There are several big companies providing CDN services, but nebula.tv uses Amazon’s CloudFront¹. I will try to keep this post generic enough for developers outside of Amazon’s influence, but AWS specifics will pop up here and there

And by “here” I mean “here is some CloudFront’s terminology”:

• Distribution — a version of edge server configuration, used to route, cache, and other stuff for a specific domain
• Viewer request — original HTTP request coming from a browser or other client (native app, curl, etc.)
• Origin request — HTTP request sent from an edge server to wherever the distribution routes (aka “to origin”)
• Origin response — HTTP response from origin to an edge server

Caching

So, the main point of adding a CDN layer to your architecture is caching, but it isn’t limited to CDNs — browsers also cache². In both cases, the caching is controlled by Cache-Control and Vary origin response headers

At its most basic, Cache-Control is an origin response header with a list of comma-separated directives:

• max-age={number} indicates to both browser and CDN to cache the response to this URL and re-use it if there are viewer requests in the next {number} seconds
• s-maxage={number} is similar, but for CDNs only — browsers just ignore it
• public indicates that response isn’t specific to a user/session, so can be stored in a shared cache
• there’s also no-cache, no-store, private, immutable, and others.
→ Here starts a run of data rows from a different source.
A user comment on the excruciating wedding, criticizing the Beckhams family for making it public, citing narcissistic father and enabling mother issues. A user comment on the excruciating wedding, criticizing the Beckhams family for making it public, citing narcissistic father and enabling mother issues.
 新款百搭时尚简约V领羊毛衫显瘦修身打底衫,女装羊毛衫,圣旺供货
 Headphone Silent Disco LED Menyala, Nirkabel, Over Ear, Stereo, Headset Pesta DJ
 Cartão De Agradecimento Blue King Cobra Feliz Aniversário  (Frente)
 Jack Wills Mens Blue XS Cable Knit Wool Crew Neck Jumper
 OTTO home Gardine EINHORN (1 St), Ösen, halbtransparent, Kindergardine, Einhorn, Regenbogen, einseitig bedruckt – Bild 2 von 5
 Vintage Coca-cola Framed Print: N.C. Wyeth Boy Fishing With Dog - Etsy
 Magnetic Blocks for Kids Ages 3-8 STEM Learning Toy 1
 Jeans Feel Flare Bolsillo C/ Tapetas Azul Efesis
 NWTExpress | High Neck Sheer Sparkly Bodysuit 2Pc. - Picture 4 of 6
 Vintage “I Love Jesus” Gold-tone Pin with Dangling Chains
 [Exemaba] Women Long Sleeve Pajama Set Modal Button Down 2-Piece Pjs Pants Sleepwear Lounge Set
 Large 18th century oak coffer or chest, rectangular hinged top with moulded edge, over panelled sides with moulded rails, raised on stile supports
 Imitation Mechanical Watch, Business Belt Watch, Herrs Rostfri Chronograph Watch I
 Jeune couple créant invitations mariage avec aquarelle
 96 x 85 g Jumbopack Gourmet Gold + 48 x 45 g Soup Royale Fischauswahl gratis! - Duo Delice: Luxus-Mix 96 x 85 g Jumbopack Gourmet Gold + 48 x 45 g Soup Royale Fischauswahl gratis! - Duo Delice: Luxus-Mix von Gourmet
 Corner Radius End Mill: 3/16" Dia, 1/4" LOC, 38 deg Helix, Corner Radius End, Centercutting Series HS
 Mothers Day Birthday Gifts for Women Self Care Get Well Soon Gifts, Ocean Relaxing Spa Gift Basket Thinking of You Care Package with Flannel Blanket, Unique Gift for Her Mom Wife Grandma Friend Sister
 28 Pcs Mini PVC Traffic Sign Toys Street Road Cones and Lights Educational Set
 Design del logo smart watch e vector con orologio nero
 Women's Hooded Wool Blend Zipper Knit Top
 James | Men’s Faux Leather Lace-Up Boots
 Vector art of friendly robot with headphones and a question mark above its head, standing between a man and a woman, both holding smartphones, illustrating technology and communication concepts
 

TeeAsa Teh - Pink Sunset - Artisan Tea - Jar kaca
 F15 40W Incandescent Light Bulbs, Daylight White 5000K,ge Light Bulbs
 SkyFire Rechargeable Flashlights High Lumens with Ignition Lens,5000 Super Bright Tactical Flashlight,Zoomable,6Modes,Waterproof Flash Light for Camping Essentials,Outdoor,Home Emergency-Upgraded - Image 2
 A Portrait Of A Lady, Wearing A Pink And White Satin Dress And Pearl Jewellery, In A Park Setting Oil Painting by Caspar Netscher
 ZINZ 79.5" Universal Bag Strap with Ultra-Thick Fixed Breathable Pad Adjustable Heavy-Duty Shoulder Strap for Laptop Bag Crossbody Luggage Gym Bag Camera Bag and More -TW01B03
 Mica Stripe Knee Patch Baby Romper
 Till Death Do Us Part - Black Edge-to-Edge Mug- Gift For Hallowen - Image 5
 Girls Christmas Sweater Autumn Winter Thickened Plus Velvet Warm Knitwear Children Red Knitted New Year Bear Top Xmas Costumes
The post is already getting long, so just read about those on MDN

Why would you want cache on CDN and not in a browser? Mostly³, to recover from errors — if server responded with broken code or data, and browser cached it for an hour, for that hour user will see the broken site⁴. On the other hand, if CDN has previously-broken-but-now-fixed response in its cache, there’s usually a button or an API to invalidate caches on edge servers, forcing them to load the latest version of whatever

While Cache-Control tells browser/CDN whether or not to cache a particular response, Vary tells what in viewer request will invalidate that cache. You see, by default, the browser’s “cache key” (identifier for data in cache) is the viewer request’s HTTP method and URL. But if a server can respond differently to requests with the same URL depending on viewer request headers (for example, user-specific data if there’s a session token in Cookie), these headers can be listed in Vary. Support for Vary header on CDNs is spotty — for example, CloudFront does understand it (albeit with some gotchas), CloudFlare basically ignores it⁵

AWS Specifics: Policies

if you aren’t interested in CloudFront minutia, you can skip to the next section

To better control the “cache key”, CloudFront has two “policies” that can finely tune distribution’s default and custom endpoints’ behavior

Cache policy describes what’s included in the “cache key” for each particular viewer request. By default, it's only URL pathname, but we can add all/allowlisted/blocklisted query params, headers, or cookies. For example, we can ignore fbclid and ref query param, and/or include only session cookie. That way these requests will have the same “cache key”:

https://nebula.tv/search?q=coconut
Cookie: session=patrick

https://nebula.tv/search?q=coconut
Cookie: session=patrick; analytics=dave-the-agent

https://nebula.tv/search?q=coconut&ref=gmtk
Cookie: session=patrick

Origin request policy describes what query params/headers/cookies have to be added to the request from CDN to SSR when the request's "cache key" is "missed" (= "not in CDN cache"). These query params/headers/cookies don't affect the “cache key", leading to possible issues — for example, if the cache policy ignores User-Agent header⁶, but the origin request policy includes it, Firefox users might get cached responses for Chrome, if Chrome was the first to hit a particular endpoint first. So use origin request policies very carefully

Everything outside of these policies won’t reach your server/origin

AWS has a list of predefined (“managed”) cache and origin request policies, which one can use by simply modifying the CloudFront distribution. If those aren’t enough for your needs, you can create your own

If you do create your own policy, avoid allowlisting query params. We learned the hard way that ignoring everything but a predefined list of params leads to nasty bugs if somebody⁷ forgets to update that list

What and How

What and how to cache depends a lot on your web app’s needs and what types of responses it serves. For nebula.tv, the needs are:

Public assets

In other words, version-controlled and uploaded as-is files, for example favicon.ico

We don’t cache those. Maybe, we should cache them on edge servers, but don’t — these files don’t block load of the web app, so S3 is fast enough

Built assets with hash in the filename

After a built tool (like vite) has done its job, output files usually have the file’s hash in their name (for example, 2c3 in index.2c3.js). Once the file is uploaded it’ll never change⁸, so both CDN and browser can cache it for a long time

So, when adding⁹ files like this to S3, we use --cache-control max-age=86400,public option of S3 cli

HTML responses with hardcoded metadata

These are HTML pages returned from SSR server that don’t change without a code deploy. In the case of Nebula, that’s pages like Classes or Videos

We don’t want to cache those in a browser, CDN can cache them for long¹⁰, and these pages don’t have data specific to a user

So, easy-peasy! When sending a response renderedHtml in SSR server, we’ll add Cache-Control with public and s-maxage:

res.writeHead(200, {
  'Content-Type': 'text/html',
  'Cache-Control': `public, s-maxage=${MAXAGE_IN_SECONDS}`,
});

res.end(renderedHtml);

Content-specific metadata HTML responses

Crap, I shouldn’t had used a constant in res.writeHead…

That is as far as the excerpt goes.